Гийота: нарушитель конвенций


Писатель Пьер Гийота
Писатель Пьер Гийота
Эту книгу никогда не прочтет российский школьник. Разве что скачает случайно файл, перепутав со словом «Эдем» какое-то другое иностранное слово, набирая его в окошке искалки. К примеру, наш школьник интересуется производством сыра и хочет узнать, как делают «Эдам». Или пытается найти биографию бельгийского футболиста Эдена Азара. В общем, только случайность может навести нашего несовершеннолетнего юношу, нашу несовершеннолетнюю девушку на знакомство с романом Пьера Гийота «Эдем, Эдем, Эдем». Более того, когда Госдумой будет окончательно принят очередной закон за нравственность и против пропаганды известно чего среди несовершеннолетних, у людей, вывесивших текст сочинения Гийота в сети, могут быть серьезные неприятности – если они не поставят на своем сайте могильный крестик и цифру 18. А что уже российские моралисты могут сделать с издателем и книгопродавцем, даже подумать страшно.

Впрочем, с Пьером Гийота такое уже происходило, только во Франции. «Эдем, Эдем, Эдем» вышел в 1970 году и сразу оказался в центре гигантского скандала. Через месяц после его появления Министерство внутренних дел запретило его распространение, рекламу – и продажу несовершеннолетним. В ответ была составлена международная петиция с призывом отменить эту меру (действительно, почему де Сада или Батая распространять можно, а Гийота – нельзя?); документ подписали более дюжины известных писателей, музыкантов, философов, от Мишеля Фуко и Ролана Барта до Пьера Булеза. «Эдем, Эдем, Эдем» даже номинировали на литературную премию Медичи, а когда он не получил награду, романист Клод Симон в знак протеста покинул жюри. Сам Гийота в 1972 году пишет эссе «Запрещенная литература», где пытается представить свой роман в более гуманистическом, что ли, контексте и пересказывает всю историю запрета. Разрешили «Эдем, Эдем, Эдем» только в 1981-м.

Впрочем, если наш гипотетический школьник и получит в распоряжение этот текст, читать он его вряд ли станет. Это одно из самых бескомпромиссных произведений европейской прозы прошлого века; иными словами – этот роман нечитабелен. Эстетически он столь же возмутителен и радикален, как и этически; именно поэтому он привлек столько внимания. Вот что писал о нем Ролан Барт: «”Эдем, Эдем, Эдем” представляет собой (или должен бы представлять) нечто вроде толчка, исторического шока. Все предшествующие ему действия еще кажутся разрозненными, однако совпадения, которые мы постепенно начинаем понимать — от Сада до Жене, от Малларме до Арто — наконец-то собираются воедино,
перемещаются, очищаются от обстоятельств эпохи...» А вот Мишель Лейрис: «Конечно же, очень многих читателей такого рода книги могут оттолкнуть своим грубым и (если хотите) шокирующим содержанием, особенно если учесть, что наше общество все еще продолжает находиться во власти идиллических представлений о литературе, несмотря на многократно предпринимавшиеся попытки их развеять. Впрочем, кто знает, возможно, именно неспособность пойти на уступки – как с одной, так и с другой стороны – и выделяет подобные произведения из однообразного потока современной печатной продукции?»

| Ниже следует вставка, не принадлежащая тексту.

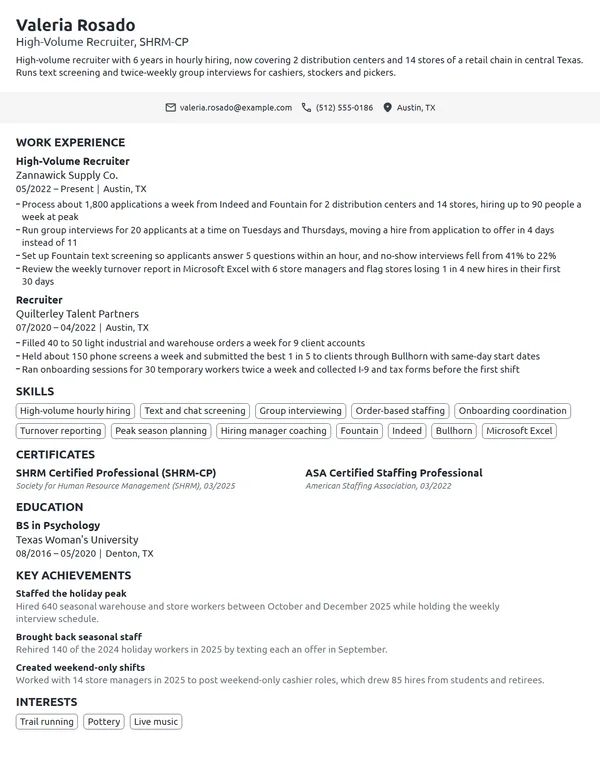 High-Volume Recruiter resume example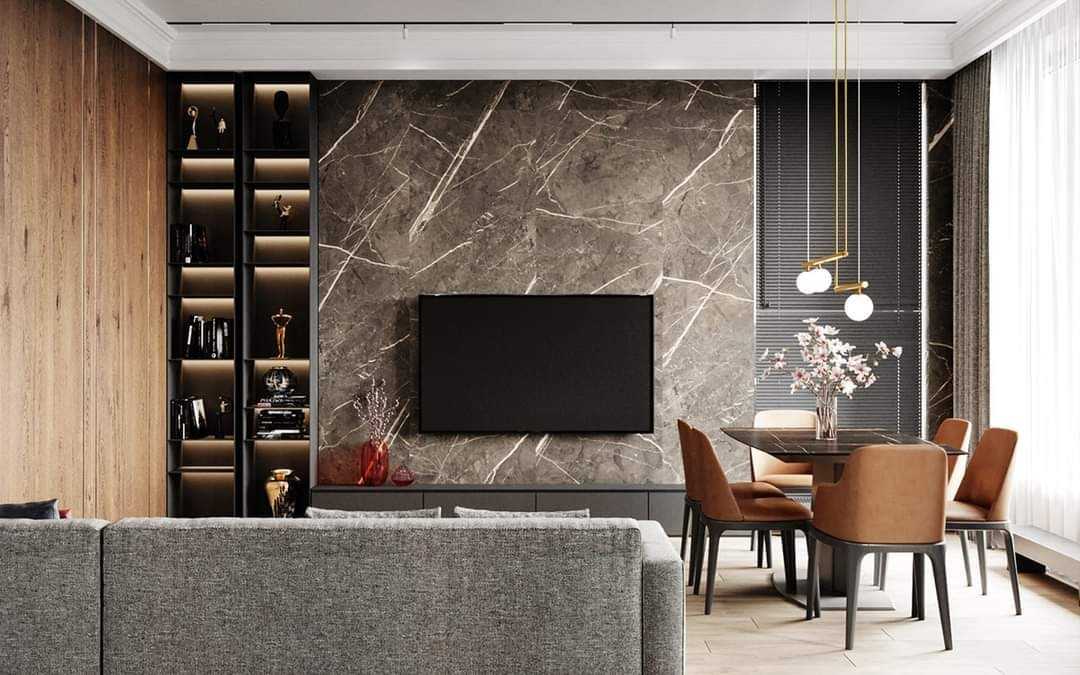 Contemporary Dining Room with TV Console and Feature Wall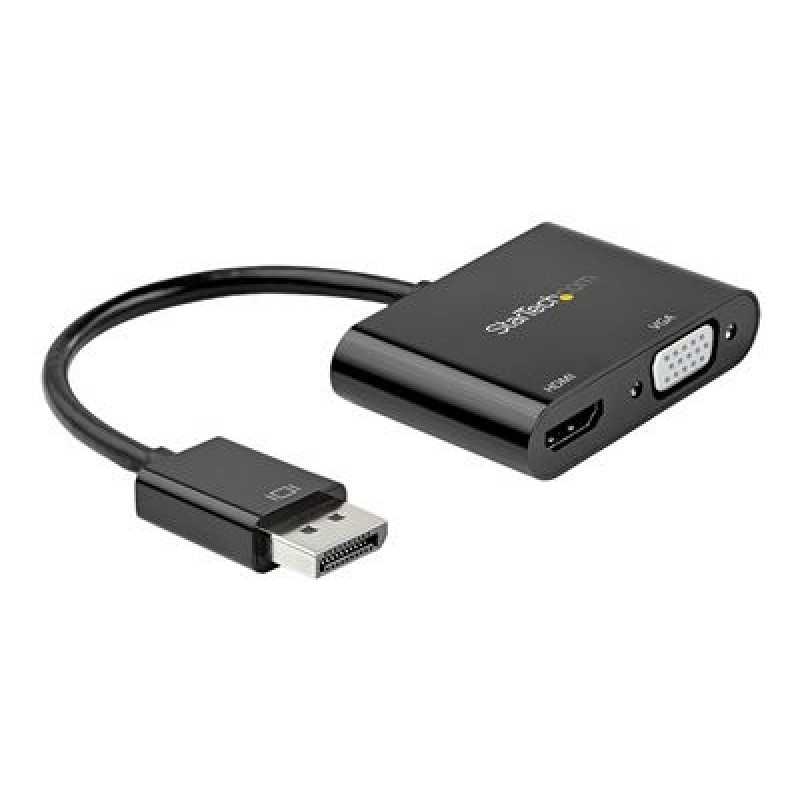 StarTech.com DisplayPort to HDMI VGA Adapter, DisplayPort 1.2 HBR2 to HDMI 2.0 (4K 60Hz) or VGA 1080p Converter Dongle, DP to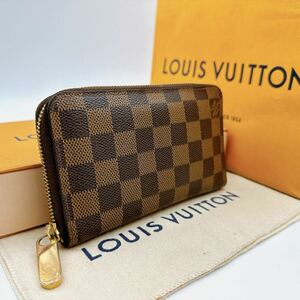 2728【超 極美品】LOUIS VUITTON ルイヴィトン ダミエ ジッピーコンパクトウォレット 長財布 ラウンドファスナー ウォレット N60028/MI1130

Короче говоря, опасаться, что неискушенный подросток примется за чтение этой монструозной книги, нет никаких причин. Но нам, взрослым людям, хорошо бы помнить эту историю – и историю других книг Пьера Гийота.

На самом деле, этот возмутитель спокойствия родился в 1940 году в скромной интеллигентной семье в провинциальном городке Бург-Арженталь. Он даже написал о детстве и юности, но уже после радикальных эстетических жестов под названием «Эдем, Эдем, Эдем», или «Проституция», или «Могила для пятисот тысяч солдат». Его автобиографические книги вполне читабельны даже для условного ненавистника маркиза де Сада. Два года назад главный переводчик Гийота на русский Маруся Климова поговорила с по-прежнему непримиримым модернистом. Интервью прозвучало в программе Дмитрия Волчека «Поверх барьеров»:

Пьер Гийота: Это вовсе не книга воспоминаний о детстве. Она называется «Воспитание» и посвящена воспитанию некоего человека, который является художником. Поэтому я описываю в ней зарождение желаний и жажды творчества у ребенка в самом раннем детстве, хотя и не думаю, что я точно помню что-либо случившееся до того, как мне исполнился год. Однако могу вам определенно сказать, что у меня сохранилось совсем краткое, но яркое воспоминание, связанное с моим дядей. Это случилось в 42-м году, когда мне было примерно года полтора, то есть еще до того, как я начал ходить. Возможно, конечно, мне все это потом рассказали мои старшие сестры, а я всегда был существом чрезвычайно чувствительным и восприимчивым. Но в данном случае я почему-то совершенно уверен, что помню, как видел своего юного дядю, и над головой у него был нимб, в точности как на иконах святых мучеников. Он был такой высокий и красивый, а я был совсем младенцем, не мог самостоятельно передвигаться. Однако подобные вещи, мне кажется, вполне способны запечатлеться в памяти даже в таком нежном возрасте. Мой дядя умер прежде, чем я стал способен все это осознать. Моя мать редко о нем говорила, но всегда с большой грустью. Возможно, она тоже помогла мне запомнить его. Вы знаете, у меня есть близкие друзья, которые, прочитав «Воспитание», тоже стали задумываться о своем детстве. И если ты знаешь, в каком месте ты жил и знаешь людей, с которыми общался, то вполне можешь многое вспомнить, реконструировать все это у себя в голове. Особенно если у тебя есть старшие братья и сестры, которые помогают тебе восстановить определенные моменты.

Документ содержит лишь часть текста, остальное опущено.